Надоело быть жертвой? Стань профи по информационной безопасности, получай самую свежую информацию об угрозах и средствах защиты от ведущего российского аналитического центра Anti-Malware.ru:

----------


## PavelA

Смотреть надо "Просмотр событий"



> Тот же фиг:
> 
> 	Код:
> 	Microsoft Windows [Version 6.1.7601]
> (c) Корпорация Майкрософт (Microsoft Corp.), 2009. Все права защищены.
> 
> C:\Windows\system32>ping 127.0.0.1
> 
> Обмен пакетами с 127.0.0.1 по с 32 байтами данных:
> ...


Это говорит о проблемах именно с TCP/IP 

Чем дальше, тем больше я прихожу к необходимости переустановки системы. Хотя бы поверху.

----------


## Justlogin

> Смотреть надо "Просмотр событий"


Ок, вечером приду с работы, скину что там есть.

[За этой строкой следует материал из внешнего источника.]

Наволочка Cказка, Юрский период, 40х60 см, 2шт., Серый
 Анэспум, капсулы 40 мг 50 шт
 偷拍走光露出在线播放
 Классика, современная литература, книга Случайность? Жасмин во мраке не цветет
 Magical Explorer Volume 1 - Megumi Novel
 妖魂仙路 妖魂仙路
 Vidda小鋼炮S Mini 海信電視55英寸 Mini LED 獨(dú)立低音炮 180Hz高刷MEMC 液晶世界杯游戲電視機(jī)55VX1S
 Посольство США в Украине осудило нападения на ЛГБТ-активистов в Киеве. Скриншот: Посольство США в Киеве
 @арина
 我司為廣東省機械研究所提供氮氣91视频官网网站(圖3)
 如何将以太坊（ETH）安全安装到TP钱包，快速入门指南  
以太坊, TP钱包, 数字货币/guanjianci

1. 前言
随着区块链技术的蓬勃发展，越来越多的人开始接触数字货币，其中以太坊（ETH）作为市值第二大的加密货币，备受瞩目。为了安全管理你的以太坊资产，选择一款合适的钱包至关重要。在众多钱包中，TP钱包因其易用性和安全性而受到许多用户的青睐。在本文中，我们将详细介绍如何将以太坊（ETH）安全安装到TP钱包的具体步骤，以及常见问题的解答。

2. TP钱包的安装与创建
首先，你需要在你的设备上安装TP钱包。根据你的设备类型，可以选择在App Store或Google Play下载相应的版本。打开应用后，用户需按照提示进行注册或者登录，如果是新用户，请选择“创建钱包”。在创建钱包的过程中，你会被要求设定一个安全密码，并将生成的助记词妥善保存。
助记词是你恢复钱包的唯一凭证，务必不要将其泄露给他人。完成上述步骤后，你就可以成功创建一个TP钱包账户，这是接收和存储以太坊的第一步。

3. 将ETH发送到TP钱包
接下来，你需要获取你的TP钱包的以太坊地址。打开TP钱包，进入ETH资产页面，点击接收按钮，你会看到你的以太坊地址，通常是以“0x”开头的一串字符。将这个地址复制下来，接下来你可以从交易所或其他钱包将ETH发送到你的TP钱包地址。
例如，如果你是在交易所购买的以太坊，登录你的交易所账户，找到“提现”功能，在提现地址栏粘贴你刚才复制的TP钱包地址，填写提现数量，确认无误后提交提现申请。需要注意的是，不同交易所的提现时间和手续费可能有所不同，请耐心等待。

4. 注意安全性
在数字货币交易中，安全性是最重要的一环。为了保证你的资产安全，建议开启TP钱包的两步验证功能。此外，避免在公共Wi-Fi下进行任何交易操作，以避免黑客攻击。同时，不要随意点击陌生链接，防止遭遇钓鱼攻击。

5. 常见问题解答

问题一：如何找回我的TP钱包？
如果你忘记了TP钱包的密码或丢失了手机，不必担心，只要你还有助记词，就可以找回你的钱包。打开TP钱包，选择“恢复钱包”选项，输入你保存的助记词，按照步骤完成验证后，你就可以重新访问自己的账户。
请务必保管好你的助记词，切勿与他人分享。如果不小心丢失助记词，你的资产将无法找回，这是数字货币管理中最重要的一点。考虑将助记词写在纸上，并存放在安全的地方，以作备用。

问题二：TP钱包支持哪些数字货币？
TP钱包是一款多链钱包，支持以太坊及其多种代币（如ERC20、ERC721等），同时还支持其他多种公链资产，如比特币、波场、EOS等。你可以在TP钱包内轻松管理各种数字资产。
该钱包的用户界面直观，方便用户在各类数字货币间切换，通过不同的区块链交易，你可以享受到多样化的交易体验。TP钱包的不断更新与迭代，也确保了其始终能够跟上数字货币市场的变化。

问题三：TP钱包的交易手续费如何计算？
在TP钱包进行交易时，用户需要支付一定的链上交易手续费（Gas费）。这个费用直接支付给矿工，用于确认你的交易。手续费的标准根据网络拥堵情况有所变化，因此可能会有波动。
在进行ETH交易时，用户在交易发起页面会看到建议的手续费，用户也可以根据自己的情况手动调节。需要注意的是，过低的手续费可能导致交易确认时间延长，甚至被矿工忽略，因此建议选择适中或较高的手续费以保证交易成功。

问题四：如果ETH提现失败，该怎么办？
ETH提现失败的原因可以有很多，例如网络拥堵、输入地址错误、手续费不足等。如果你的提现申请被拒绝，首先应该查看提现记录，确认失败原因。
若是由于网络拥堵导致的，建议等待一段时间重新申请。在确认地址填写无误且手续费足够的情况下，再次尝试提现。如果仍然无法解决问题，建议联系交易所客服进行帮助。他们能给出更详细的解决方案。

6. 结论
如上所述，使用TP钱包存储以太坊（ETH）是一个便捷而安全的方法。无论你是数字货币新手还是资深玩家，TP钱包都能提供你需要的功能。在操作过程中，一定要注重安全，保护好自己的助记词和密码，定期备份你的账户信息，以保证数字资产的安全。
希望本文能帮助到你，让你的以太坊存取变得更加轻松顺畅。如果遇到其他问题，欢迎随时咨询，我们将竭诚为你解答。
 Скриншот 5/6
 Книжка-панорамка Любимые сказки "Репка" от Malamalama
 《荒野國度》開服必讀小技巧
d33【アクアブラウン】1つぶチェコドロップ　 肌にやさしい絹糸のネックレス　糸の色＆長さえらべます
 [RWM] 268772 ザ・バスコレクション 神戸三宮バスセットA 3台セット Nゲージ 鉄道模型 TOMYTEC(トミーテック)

> Это говорит о проблемах именно с TCP/IP


Ну WinSock'и же мы пробовали уже мучать. При удалении и переустановке протокола - ноль подсечки. При копировании с другого компьютера - этот виснет когда кабель вставляешь.

Я тут подумал - может заменить оба этих раздела, но только не с другого компьютера, а с этого же самого, но когда вставлен другой винт, на который я чистую систему неделю назад ставил и все работает? Просто на флешку может быть скопировать WinSock и WinSock2 оттуда, а потом подтыкнуть старый винт и в безопасном режиме эти ветки заменить?




> Чем дальше, тем больше я прихожу к необходимости переустановки системы. Хотя бы поверху.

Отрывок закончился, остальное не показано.